I know there is curator, which is built for exactly this use case, but it seems a bit odd to me to rely on an "external" tool to to the housekeeping in a product, which is built with time series data in mind. I think there is something implemented on X-Pack Monitoring, but I am not sure.
I can't think of any to do this natively in elasticsearch, without requiring some sort of trigger from the outside world

I had a discussion about running elasticsearch inside a container and a colleague of mine is so opposed to the idea, to have a second process running inside that container, that he argued to write a elasticsearch plugin to regularly purge old indices.

Is it that curator was just good enough until now and nobody really needed it?
Is it that you think, that it is not elasticsearch's job to do this. (since cron is a well established tool and a possible implementation would more or less look like cron)?

BR

a.w · April 28, 2017, 1:24am

Hey,

I don't know if i am right and correct me if im wrong, but after my opinion Elasticsearch is not and will never be a database for storing data.
For this you should use CouchDB, MariaDB, or any kind of SQL or noSQL Database you can find.
Elasticsearch is an index, which can only index and search documents/indices but does this good as hell!

If you have a software with a common architecture where e.g. CouchDB is you database and Elastic your Search cluster, you have to have some kind of software running in between this two components to share and maintain the data between database and elastic anyway.

This way you already have to manage and control the data by yourself and as a software developer I alway create jobs like this by myself to keep the control and I would not use a tool which is already build in Elastic for deleting old documents. Query them, and delete them. done.

Guess that's the reason why there is no such thing like that, just because regularly you would never "just" use elastic, feed it with data and remove the oldest, its nearly always much more complex like that.

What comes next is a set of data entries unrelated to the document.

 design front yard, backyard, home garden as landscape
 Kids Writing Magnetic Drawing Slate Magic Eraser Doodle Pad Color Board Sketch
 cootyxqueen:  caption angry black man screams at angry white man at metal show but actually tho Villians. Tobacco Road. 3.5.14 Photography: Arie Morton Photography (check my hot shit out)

ThomasB · April 28, 2017, 9:26am

Hey,
I think it depends on the use case. We are just collecting some log files (a few GB per day) and we are using "just" elasticsearch to store the data. In a simple use case like this, there is nothing wrong with using elasticsearch as data store.
Maybe a feature like this would provide too little benefit, for the complexity it requires, while not be able to live up to the expectation people might have.

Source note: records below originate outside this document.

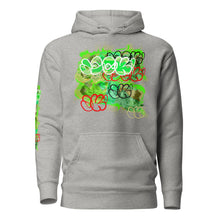 HOODIE (uniSex):  GreenNeonCamo Smudge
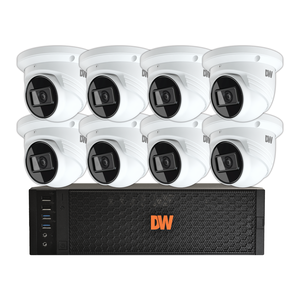 Digital Watchdog DW-DX1VSTK48 (1) BJDX1104T-LX Blackjack DX Server, Intel Celeron Processor + (8) VSTB04BI MEGApix 4MP turret IP Camera with Fixed Lens and IR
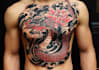 desing a tattoo in japanese style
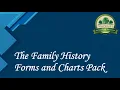 Free Fillable Genealogy and Family History Forms and Charts Pack Download Your Pack Today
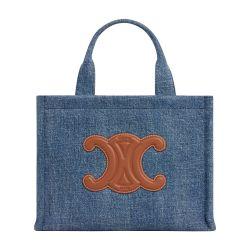 Small cabas Thais in denim by CELINE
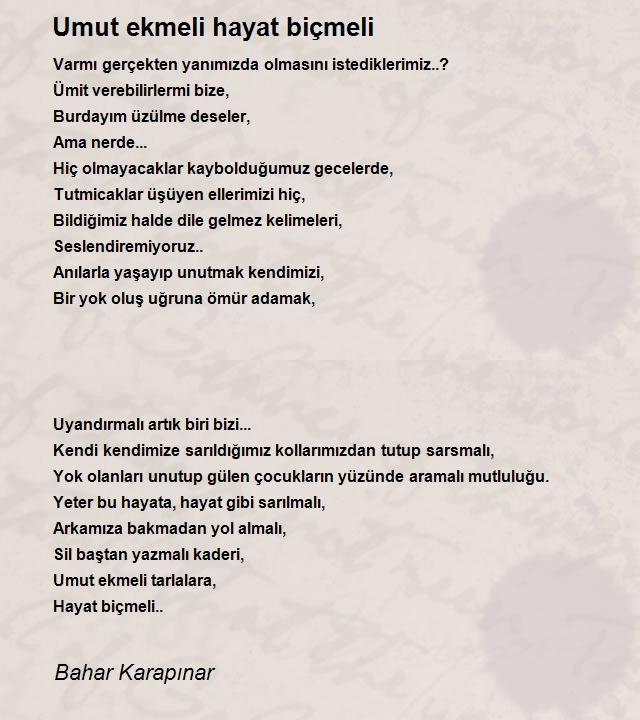 Bahar Karapınar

theuntergeek · April 28, 2017, 7:57pm

Are you referring to Curator being built with time-series data in mind, or Elasticsearch? Elasticsearch was certainly not built with time-series data in mind. It started off as a good old-fashioned search engine. Logs, analytics, and other stuff came later, and with it, the idea (or requirement) for data to be segmented into time-series.

Not yet, but coming soon.

There isn't. And even in the future, you'll still have to design and/or write said trigger yourself. Though, with multiple iterations and an eventual UI, it will become easier over time.

Curator does not need to run in the same container as Elasticsearch. It can run from anywhere, so long as it has TCP access to the port Elasticsearch is listening on.

Curator is open source, and has been "good enough" for several years. It may not have been everything to everybody, but it does a lot. There have been many requests for a Curator UI in Kibana, or a dedicated plugin in Elasticsearch, or X-Pack. They've been considered. Some of these features are coming in a future version of X-Pack.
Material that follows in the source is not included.